Adina’s Designer Cookies
Adina Berkowitz’s handcrafted customized cookies look so good that I assumed that they couldn’t possibly taste good. I was wrong. Working from her kitchen in Skokie, Illinois, as a one-woman business and sole source of income, Berkowitz designs beautiful, bespoke cookies for birthday parties, weddings, events, and other personal occasions, incorporating pretty much anything you can imagine—from names to pictures—into her craft. You can see the remarkable results on her Instagram page. (I imagine they’d make great place cards for a creative Rosh Hashanah or Sukkot gathering.) Her operation almost didn’t survive the coronavirus, however. Like many small business owners, Berkowitz was hit hard by the many event cancellations it caused, nearly cratering her sales. But she found a way to adapt to the new circumstances: DIY cookie design kits. “I figured I would make one, post a pic on both Instagram and Facebook and see what happens,” she told me. “Within minutes, my phone exploded! People were going nuts for them. After the first day, [I] had a wait list that was a week long, and I was cranking out about 30 kits a day for the first few weeks.” It turned out they were a hit as a home project, and also for Zoom birthday parties. Interested individuals can place their own orders directly by writing to [email protected]. Berkowitz cooks out of her own kitchen, as well as one certified by the Chicago Rabbinical Council, so if one has a preference, just be sure to specify it.

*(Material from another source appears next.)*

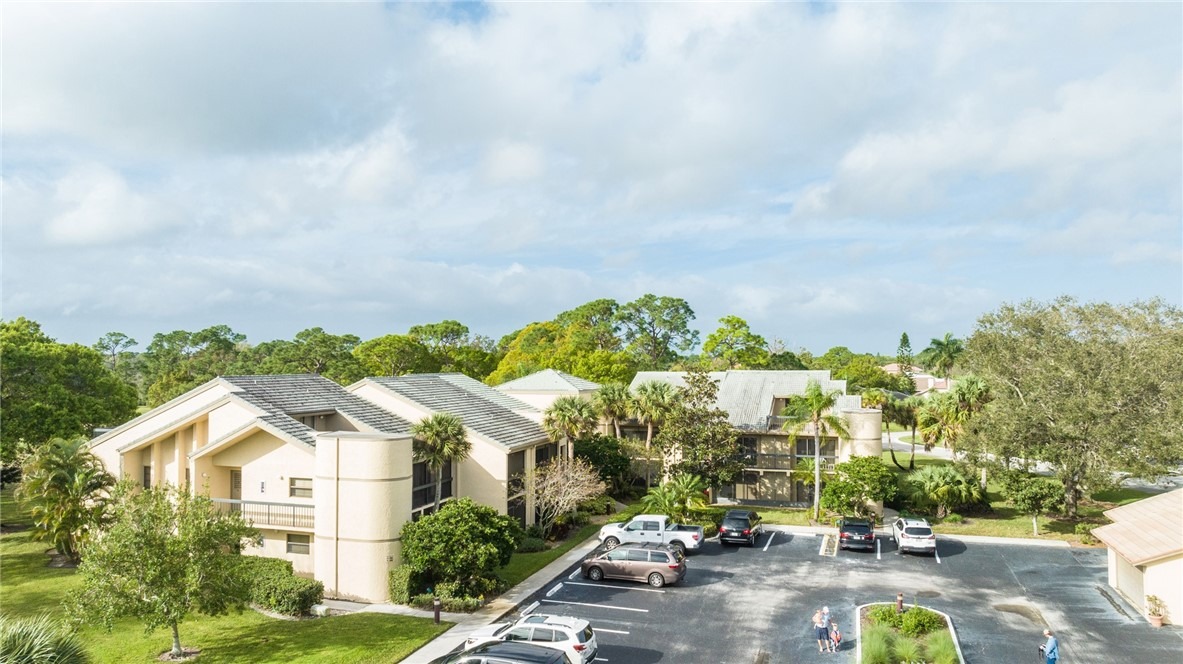 Meadowood Dr, Fort Pierce, FL 34951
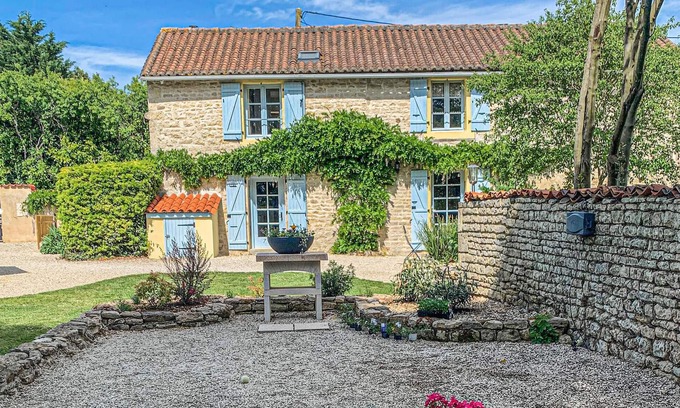 Nanclars House | Awesome home in Nanclars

Eileen Spitalny and David Kravetz first became friends on the kindergarten playground, at which time they bonded over his mother’s brownies. In 1992, they co-founded the Arizona-based mail-order business Fairytale Brownies and never looked back. Today, their fully kosher product line includes flavors and sizes for any palate, from bite-size Magic Morsels, to snack-size Fairytale Sprites, to the massive titular Fairytale Brownies. It’s impossible to pick a favorite flavor, as each one is so perfectly balanced, but I enjoyed the Original, Cream Cheese, Espresso, Mint, Raspberry Swirl, Pecan, Caramel, Walnut, and Toffee Crunch flavors—which just happen to be all the ones I tried. The outlet also offers a selection of cookies and blondies, for those who don’t just want a chocolate fix. Everything comes in a beautifully arrayed box that is perfect for holiday gift-giving. And for those who like to stockpile their treats, the brownies last seven days on the shelf, 30 in the fridge, and six months in the freezer, though as the packaging notes, “if they aren’t devoured by then, we’re impressed.”